■ AIM OF THE EXERCISE:
Retype, word for word, every line from the one holding "Poster - pastel" through the one holding "Meyda Lighting Tiffany" in the entries below, both included, and only those lines.

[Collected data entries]
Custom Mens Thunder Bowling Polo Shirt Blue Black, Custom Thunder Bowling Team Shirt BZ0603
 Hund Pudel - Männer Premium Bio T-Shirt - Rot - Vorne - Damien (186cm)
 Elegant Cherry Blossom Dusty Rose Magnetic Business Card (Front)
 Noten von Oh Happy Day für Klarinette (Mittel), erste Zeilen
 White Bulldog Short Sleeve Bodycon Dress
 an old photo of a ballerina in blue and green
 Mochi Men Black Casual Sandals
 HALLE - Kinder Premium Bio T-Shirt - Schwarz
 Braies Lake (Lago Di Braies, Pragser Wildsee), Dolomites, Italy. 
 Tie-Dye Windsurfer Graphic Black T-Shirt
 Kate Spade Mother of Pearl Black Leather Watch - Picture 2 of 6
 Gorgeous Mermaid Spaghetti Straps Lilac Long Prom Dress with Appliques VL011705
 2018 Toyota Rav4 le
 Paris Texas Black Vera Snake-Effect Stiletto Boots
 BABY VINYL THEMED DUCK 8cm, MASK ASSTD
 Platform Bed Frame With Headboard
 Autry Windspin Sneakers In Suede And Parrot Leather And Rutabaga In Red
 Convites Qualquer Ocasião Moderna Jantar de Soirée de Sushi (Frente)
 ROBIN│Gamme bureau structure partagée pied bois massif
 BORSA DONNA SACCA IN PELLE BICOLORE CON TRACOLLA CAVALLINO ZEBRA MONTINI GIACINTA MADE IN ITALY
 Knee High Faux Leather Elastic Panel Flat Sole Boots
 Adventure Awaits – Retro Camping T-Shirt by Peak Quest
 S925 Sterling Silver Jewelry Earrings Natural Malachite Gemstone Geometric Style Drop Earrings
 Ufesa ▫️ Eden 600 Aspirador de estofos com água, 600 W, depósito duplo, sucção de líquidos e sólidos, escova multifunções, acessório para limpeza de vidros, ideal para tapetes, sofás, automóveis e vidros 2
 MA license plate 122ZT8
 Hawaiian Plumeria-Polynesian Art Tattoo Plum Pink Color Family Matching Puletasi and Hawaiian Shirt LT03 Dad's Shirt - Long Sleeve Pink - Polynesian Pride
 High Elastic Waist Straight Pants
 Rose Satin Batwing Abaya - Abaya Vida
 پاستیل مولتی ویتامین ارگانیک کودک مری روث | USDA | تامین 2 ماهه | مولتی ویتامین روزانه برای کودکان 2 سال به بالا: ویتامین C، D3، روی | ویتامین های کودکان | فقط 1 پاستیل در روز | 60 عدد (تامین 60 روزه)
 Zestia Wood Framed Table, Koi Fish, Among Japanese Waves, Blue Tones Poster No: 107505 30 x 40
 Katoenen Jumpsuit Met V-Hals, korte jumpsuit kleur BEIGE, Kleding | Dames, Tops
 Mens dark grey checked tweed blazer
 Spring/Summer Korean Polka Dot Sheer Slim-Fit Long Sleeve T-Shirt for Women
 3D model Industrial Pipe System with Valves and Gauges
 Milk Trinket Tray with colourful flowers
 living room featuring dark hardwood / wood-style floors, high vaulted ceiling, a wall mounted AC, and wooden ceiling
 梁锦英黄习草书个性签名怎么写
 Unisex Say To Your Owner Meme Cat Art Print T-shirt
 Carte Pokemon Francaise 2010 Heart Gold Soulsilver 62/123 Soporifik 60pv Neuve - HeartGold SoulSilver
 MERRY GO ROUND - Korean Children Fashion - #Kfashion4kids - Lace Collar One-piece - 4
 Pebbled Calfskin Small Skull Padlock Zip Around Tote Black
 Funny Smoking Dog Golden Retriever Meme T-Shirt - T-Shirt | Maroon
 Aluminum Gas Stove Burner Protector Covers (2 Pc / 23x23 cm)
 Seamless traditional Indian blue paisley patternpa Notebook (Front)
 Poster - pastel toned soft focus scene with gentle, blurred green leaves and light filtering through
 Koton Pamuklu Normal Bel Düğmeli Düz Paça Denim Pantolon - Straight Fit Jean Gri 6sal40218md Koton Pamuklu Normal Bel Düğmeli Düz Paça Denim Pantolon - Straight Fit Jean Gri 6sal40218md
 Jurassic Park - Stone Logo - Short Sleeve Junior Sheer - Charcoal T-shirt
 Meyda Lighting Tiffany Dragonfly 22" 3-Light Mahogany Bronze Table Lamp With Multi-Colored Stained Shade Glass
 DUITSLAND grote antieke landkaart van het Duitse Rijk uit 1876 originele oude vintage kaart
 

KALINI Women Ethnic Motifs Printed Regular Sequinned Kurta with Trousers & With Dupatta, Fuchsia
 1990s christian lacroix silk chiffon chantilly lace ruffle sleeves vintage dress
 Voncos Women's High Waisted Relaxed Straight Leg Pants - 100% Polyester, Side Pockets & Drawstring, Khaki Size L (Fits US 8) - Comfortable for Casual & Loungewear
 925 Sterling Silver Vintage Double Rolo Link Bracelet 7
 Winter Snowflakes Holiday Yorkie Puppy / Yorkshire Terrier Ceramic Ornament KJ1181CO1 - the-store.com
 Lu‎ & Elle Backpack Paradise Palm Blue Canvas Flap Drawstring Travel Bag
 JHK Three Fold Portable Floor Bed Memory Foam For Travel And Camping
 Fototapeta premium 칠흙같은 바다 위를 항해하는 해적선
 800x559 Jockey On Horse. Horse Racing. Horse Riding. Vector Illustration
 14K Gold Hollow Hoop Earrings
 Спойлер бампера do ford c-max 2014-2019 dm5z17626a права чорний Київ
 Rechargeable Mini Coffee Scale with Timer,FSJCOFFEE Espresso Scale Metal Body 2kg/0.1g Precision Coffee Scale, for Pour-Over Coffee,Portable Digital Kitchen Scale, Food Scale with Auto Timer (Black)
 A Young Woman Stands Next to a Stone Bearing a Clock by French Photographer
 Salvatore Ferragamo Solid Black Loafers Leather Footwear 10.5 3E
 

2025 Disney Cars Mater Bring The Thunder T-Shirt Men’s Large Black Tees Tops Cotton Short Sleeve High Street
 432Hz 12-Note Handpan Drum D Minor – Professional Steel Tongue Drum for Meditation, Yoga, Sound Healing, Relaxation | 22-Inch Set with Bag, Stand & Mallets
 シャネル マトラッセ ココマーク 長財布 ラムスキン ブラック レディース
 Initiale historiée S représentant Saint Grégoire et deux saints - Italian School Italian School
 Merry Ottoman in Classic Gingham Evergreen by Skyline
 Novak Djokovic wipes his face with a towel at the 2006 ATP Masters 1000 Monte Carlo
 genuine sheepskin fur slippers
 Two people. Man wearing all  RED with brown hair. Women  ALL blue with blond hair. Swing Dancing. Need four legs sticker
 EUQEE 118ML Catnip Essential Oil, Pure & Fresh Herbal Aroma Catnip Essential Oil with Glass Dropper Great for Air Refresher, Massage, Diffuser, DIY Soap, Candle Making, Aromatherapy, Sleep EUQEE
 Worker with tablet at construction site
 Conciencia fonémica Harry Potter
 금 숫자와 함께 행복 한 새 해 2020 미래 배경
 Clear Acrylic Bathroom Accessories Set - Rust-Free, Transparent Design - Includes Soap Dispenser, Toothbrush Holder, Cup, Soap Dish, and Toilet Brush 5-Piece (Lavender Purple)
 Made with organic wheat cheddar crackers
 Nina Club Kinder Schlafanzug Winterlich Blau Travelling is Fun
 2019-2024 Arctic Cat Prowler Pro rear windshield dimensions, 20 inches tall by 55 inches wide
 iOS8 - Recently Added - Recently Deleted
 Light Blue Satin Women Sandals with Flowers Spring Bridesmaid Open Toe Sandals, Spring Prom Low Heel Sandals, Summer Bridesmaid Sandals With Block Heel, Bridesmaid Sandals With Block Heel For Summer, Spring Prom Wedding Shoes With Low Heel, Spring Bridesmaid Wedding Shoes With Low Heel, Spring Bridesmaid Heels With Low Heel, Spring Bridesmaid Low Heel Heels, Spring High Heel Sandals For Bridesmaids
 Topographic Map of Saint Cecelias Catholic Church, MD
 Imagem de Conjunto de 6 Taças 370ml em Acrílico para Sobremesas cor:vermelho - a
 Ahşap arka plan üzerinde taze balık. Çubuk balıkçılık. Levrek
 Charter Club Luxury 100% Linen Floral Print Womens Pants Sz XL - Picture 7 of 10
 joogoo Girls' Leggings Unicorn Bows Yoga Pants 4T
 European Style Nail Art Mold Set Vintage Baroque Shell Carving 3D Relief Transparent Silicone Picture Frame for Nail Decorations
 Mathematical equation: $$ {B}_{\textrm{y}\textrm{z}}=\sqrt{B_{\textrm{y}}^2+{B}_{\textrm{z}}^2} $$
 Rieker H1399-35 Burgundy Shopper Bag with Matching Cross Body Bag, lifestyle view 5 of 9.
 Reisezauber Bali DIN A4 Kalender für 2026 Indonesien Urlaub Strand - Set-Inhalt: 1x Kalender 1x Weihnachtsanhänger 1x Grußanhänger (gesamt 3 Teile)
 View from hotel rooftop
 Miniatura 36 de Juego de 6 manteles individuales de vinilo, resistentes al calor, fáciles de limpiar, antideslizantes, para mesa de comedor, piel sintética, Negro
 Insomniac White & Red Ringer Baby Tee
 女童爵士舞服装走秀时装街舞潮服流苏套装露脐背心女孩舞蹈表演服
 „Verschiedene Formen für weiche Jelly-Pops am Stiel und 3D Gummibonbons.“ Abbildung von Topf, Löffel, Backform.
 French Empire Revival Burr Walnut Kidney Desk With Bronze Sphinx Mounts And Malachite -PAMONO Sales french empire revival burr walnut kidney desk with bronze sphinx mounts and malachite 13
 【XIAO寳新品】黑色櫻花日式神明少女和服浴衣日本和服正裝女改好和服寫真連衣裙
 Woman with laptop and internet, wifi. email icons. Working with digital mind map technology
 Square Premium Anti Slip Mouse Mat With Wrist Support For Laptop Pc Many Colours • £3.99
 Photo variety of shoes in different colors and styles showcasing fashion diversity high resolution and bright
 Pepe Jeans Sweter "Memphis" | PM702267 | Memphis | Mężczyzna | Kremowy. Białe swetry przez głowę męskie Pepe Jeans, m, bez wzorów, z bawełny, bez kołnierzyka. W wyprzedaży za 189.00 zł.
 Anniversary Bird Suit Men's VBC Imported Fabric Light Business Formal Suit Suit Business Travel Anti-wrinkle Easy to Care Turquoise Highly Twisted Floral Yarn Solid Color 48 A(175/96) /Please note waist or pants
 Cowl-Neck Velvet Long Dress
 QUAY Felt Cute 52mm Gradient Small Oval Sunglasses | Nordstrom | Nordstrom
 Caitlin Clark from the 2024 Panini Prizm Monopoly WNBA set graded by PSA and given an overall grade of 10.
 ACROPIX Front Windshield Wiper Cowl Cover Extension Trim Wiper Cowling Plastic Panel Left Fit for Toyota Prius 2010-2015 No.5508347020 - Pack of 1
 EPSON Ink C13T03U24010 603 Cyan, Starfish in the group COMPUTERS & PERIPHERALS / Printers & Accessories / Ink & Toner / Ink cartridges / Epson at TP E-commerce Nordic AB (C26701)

■ EXPECTED OUTPUT:
 Poster - pastel toned soft focus scene with gentle, blurred green leaves and light filtering through
 Koton Pamuklu Normal Bel Düğmeli Düz Paça Denim Pantolon - Straight Fit Jean Gri 6sal40218md Koton Pamuklu Normal Bel Düğmeli Düz Paça Denim Pantolon - Straight Fit Jean Gri 6sal40218md
 Jurassic Park - Stone Logo - Short Sleeve Junior Sheer - Charcoal T-shirt
 Meyda Lighting Tiffany Dragonfly 22" 3-Light Mahogany Bronze Table Lamp With Multi-Colored Stained Shade Glass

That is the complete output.